Jeremy’s love and strength are all that got us through that time. I was
angry, devastated and lost. Jeremy bore the burden of “untelling”
everyone. It wasn’t until weeks later that I realized how much this
miscarriage affected him too. We’ll never know if our first child was a
boy or a girl, never know if he or she would’ve looked like me or Jeremy
but we’ll also never forget our angel. Even though time has helped us
heal, there will always be a hole in my heart for our first baby, a baby
we had for far too short of a time but a baby we loved more than we
ever thought possible.
Her advice for others who have experienced miscarriage/pregnancy/infant loss?
The one thing I wish I could tell others who
have experienced this heartbreak is that “it’s okay to feel however you
feel”. There is no “right” way to deal and cope with the loss of a
child.
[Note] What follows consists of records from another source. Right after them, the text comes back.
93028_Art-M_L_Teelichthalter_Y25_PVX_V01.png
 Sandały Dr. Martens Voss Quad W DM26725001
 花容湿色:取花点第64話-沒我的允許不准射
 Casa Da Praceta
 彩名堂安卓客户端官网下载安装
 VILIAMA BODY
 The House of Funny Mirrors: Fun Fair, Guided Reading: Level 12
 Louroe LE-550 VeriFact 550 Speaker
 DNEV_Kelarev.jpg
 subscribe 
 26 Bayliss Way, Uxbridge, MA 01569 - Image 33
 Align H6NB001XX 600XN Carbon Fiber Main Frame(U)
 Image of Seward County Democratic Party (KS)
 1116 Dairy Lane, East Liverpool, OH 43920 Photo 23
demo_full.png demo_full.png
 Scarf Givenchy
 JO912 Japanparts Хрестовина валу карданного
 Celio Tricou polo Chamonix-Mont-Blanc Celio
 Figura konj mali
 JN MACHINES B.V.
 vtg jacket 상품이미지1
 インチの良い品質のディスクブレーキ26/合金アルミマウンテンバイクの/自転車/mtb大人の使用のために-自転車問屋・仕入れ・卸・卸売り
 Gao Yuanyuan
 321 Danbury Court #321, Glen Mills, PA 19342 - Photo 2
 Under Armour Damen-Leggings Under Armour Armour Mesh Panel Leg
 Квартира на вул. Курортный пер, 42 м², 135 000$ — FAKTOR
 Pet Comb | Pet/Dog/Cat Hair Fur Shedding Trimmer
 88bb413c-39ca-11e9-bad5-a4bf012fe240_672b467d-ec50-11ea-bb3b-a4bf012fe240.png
And that they don’t have to suffer in silence. I urge women in
this horrid time to join a support group with other women who have
walked this path. I know for me personally, my real healing didn’t begin
until I joined a wonderful group of women who could share my own
turmoil of loss. Some of these women have become some of my closest
friends and I know it’s the best choice I could have made.
What does she want others who have never experienced miscarriage/pregnancy/infant loss to know?
I wish
that people who haven’t suffered the loss of a child knew that this
shouldn’t be such a taboo subject. It’s okay to not know what to say or
do but it’s not okay to not say or do anything. Call to say hi, stop by
to let them talk, sit in silence and just offer hugs, love and support
if they don’t want to talk. Remember that saying things like “it’s okay,
you’re still young and can try again” or “everything happens for a
reason” are some of the worst phrases you can say. Acknowledge that they
lost a baby……acknowledge that even though they may not have held their
baby in their arms, they are still grieving parents. And remember that
the sad truth is that, miscarriage and infant loss can happen to anyone.